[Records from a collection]
──────────────────────────────

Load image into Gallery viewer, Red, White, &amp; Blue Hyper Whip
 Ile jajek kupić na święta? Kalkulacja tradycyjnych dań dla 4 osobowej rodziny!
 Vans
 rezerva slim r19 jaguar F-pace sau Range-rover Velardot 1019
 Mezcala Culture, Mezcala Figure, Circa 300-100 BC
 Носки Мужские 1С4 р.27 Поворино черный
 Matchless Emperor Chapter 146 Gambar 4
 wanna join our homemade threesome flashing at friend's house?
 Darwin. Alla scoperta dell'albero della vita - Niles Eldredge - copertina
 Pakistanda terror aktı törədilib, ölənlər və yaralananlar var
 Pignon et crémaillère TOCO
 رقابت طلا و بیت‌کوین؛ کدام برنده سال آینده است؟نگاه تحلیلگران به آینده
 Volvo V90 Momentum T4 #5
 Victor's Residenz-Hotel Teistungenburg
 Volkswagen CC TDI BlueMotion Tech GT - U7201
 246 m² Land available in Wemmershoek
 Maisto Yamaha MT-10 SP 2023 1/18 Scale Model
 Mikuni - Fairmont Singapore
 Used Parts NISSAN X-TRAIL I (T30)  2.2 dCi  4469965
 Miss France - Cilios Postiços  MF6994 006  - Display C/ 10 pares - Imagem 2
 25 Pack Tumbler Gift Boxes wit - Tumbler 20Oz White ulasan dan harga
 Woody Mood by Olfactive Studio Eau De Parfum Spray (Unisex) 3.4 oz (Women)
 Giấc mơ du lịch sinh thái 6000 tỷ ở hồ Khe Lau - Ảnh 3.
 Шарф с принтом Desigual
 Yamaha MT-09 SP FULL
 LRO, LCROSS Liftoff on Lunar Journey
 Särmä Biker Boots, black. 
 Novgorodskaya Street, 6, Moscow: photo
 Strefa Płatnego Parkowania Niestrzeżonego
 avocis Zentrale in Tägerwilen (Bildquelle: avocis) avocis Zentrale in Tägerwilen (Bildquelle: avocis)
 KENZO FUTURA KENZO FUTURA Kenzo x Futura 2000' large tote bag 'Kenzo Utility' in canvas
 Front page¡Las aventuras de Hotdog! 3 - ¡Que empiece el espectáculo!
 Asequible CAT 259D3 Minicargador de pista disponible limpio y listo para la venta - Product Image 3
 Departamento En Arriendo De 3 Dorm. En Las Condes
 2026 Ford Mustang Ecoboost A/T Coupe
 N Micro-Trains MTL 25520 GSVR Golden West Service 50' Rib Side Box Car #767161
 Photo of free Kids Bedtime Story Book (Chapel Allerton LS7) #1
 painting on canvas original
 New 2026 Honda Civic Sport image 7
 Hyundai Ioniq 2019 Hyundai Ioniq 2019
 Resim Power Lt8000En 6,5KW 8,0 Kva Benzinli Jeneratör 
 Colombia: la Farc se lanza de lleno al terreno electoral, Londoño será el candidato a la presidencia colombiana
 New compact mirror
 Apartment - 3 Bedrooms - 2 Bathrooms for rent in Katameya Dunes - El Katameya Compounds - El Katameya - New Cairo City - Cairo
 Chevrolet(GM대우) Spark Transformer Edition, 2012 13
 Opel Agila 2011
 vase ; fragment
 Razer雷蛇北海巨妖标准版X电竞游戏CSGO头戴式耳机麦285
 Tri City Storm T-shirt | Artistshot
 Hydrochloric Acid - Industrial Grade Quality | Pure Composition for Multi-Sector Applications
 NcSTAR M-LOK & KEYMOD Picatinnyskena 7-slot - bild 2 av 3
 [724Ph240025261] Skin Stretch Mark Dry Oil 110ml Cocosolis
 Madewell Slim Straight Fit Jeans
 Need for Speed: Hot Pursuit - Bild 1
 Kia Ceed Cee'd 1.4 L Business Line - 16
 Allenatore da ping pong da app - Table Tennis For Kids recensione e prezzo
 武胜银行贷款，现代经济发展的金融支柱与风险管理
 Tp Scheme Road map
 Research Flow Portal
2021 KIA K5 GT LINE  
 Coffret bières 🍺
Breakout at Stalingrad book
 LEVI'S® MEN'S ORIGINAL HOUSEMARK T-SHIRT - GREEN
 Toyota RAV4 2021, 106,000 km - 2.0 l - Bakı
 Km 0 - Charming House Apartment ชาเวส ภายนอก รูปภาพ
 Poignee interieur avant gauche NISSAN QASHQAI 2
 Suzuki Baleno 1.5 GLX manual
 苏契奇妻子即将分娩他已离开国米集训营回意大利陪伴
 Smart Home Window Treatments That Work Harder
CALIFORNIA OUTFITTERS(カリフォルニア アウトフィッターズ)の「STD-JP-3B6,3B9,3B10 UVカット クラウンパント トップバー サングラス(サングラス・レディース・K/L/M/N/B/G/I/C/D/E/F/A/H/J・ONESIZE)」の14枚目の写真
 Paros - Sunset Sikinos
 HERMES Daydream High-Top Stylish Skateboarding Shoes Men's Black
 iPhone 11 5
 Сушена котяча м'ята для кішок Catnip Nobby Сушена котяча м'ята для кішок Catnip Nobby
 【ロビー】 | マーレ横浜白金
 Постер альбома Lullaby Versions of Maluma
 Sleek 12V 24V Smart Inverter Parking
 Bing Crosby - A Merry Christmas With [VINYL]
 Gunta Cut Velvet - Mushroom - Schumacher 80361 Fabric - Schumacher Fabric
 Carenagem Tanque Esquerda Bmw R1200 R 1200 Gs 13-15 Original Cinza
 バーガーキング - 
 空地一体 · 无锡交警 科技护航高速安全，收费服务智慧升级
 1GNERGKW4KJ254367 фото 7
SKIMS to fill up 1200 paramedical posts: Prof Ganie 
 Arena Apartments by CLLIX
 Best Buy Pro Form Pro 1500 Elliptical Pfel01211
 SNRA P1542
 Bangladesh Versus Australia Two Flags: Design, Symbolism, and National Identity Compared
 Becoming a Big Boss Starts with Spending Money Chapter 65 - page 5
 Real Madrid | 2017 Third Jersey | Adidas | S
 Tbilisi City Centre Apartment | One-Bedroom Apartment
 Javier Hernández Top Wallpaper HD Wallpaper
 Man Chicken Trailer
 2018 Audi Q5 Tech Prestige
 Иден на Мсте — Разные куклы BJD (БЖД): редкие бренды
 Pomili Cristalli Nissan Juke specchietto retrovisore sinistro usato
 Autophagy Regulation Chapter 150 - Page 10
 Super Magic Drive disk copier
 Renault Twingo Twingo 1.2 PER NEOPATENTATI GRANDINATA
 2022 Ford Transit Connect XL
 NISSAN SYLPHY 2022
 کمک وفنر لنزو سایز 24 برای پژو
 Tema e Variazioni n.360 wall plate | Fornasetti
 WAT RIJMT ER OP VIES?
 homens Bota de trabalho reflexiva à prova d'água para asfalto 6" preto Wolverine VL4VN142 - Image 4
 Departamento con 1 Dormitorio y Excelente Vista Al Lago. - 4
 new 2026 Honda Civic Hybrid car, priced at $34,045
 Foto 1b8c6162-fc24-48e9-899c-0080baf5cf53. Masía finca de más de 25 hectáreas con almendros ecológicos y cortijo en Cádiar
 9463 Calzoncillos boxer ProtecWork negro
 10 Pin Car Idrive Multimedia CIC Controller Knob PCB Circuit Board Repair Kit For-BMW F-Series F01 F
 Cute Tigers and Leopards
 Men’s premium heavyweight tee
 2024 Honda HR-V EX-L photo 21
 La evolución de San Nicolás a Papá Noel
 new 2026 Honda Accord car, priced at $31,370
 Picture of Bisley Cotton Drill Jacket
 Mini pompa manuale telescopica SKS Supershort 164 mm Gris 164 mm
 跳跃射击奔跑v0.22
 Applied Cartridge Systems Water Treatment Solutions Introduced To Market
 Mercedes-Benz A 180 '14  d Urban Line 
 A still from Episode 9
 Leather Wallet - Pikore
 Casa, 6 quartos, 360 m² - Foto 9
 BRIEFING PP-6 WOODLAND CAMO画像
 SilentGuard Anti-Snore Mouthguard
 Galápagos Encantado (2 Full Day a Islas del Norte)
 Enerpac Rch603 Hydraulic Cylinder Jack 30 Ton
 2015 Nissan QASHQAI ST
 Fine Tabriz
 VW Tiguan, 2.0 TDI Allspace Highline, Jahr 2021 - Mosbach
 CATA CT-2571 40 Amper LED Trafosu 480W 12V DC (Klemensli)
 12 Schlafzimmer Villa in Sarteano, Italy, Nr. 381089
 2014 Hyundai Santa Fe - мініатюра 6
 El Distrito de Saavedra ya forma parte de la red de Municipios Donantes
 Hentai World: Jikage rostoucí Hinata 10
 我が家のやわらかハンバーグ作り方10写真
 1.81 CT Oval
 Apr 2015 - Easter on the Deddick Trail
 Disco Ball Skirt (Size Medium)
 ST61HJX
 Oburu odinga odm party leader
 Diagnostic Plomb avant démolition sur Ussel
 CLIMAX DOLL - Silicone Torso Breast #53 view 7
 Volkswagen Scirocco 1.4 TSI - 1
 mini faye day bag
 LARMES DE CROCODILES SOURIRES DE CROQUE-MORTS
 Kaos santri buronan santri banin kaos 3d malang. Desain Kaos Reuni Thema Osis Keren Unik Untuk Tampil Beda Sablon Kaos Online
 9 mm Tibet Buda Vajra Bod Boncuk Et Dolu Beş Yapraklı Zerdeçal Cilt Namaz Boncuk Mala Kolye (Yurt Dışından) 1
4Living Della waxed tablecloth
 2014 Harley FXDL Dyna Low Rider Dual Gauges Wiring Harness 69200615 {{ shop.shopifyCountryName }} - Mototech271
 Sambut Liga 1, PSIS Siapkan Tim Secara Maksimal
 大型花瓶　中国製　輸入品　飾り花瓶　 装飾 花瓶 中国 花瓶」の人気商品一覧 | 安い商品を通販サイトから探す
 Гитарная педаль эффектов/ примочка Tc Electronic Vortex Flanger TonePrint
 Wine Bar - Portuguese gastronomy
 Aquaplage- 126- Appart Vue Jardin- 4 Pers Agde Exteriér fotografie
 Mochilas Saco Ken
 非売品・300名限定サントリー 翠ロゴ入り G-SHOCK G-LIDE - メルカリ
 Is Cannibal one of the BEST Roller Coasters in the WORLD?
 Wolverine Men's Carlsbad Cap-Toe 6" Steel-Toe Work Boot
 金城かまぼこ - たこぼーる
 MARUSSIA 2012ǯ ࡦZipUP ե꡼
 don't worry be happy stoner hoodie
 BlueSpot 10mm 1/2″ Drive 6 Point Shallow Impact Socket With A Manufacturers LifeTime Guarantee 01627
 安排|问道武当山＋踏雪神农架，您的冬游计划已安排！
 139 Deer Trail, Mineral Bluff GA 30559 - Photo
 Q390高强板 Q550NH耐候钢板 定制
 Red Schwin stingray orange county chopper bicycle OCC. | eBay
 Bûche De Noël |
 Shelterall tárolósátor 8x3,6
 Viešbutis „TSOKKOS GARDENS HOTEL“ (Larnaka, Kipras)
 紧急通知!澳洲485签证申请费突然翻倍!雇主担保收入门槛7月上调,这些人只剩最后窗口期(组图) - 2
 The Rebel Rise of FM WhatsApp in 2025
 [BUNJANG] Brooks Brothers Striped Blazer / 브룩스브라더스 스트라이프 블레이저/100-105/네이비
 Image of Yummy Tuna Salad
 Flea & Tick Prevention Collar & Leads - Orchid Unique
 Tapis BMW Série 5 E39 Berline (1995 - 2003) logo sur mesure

──────────────────────────────

What the task requires
All lines above from the line with "Mini pompa manuale" through the line with "Galápagos Encantado (2", both included, are to be set down exactly, with nothing else.

Reply
 Mini pompa manuale telescopica SKS Supershort 164 mm Gris 164 mm
 跳跃射击奔跑v0.22
 Applied Cartridge Systems Water Treatment Solutions Introduced To Market
 Mercedes-Benz A 180 '14  d Urban Line 
 A still from Episode 9
 Leather Wallet - Pikore
 Casa, 6 quartos, 360 m² - Foto 9
 BRIEFING PP-6 WOODLAND CAMO画像
 SilentGuard Anti-Snore Mouthguard
 Galápagos Encantado (2 Full Day a Islas del Norte)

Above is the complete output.